The sneaky one. Fires when a subscription gets cancelled or payment fails, but the customer's account still shows active in your database. Detects the gap between billing reality and your app state.

The implementation queries your local user/subscription table and compares against the Stripe event — the cross-system check that catches integration bugs.


5. Revenue Drop

Detects sudden drops in payment volume. Compares hourly revenue to the 7-day rolling average. If today's hour is less than 40% of the baseline, something's wrong (could be a payment processor issue, not fraud).


6. Currency Mismatch

Fires when you receive a payment in an unexpected currency. Useful if you run a single-currency business and suddenly start seeing EUR or GBP charges — often means a configuration issue or unintended geographic expansion.


7. Negative Invoice

Catches credit notes and refunds that create negative invoice amounts. Usually harmless, but a sudden pattern of negative invoices can indicate abuse of your refund policy or a billing logic bug.

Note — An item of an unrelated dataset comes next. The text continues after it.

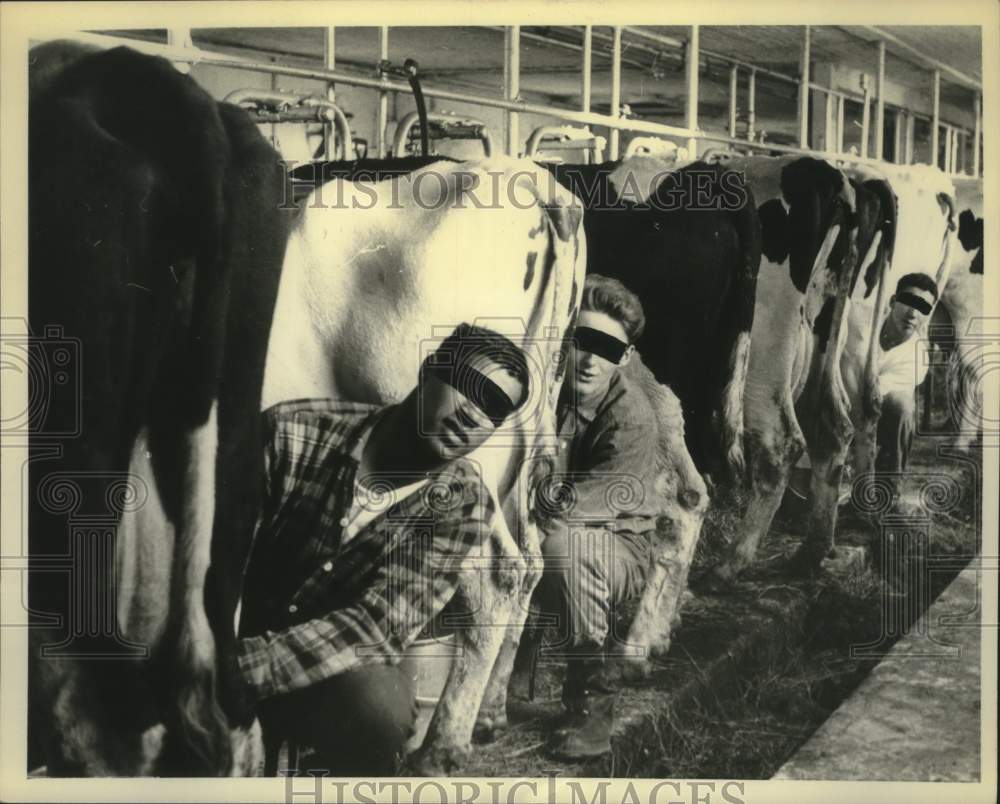 Press Photo Several New Hampton, NY students milking cows on the school&#39;s farm. - Historic Images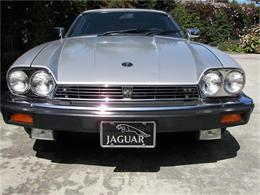 1985 Jaguar XJS (CC-137956) for sale in Fremont, California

8. Plan Downgrade + Data Loss Risk

Fires when a customer downgrades to a plan with lower limits. Not strictly an anomaly — but it's a signal to check if their data will be cleaned up correctly before the billing cycle renews.


9. Timezone Billing Error

Triggers on subscriptions that renew in a timezone-ambiguous window (midnight UTC ± 2 hours). These are the ones most likely to result in off-by-one billing day errors.


10. Webhook Lag

Monitors the time between Stripe's event timestamp and when it hits your endpoint. If lag exceeds 30 seconds consistently, your webhook handler is either slow or Stripe is having delivery issues. Catches the "webhook queue backing up" failure mode before it cascades.


The Alert Pipeline

Every fired detector generates an alert stored in SQLite, then routed to your configured channels:

async def run_detectors(event, db):
    detectors = [
        detect_charge_failure_spike,
        detect_fraud_spike,
        detect_duplicate_charge,
        detect_silent_lapse,
        detect_revenue_drop,
        detect_currency_mismatch,
        detect_negative_invoice,
        detect_plan_downgrade,
        detect_timezone_billing_error,
        detect_webhook_lag,
    ]

    alerts = await asyncio.gather(*[d(event, db) for d in detectors])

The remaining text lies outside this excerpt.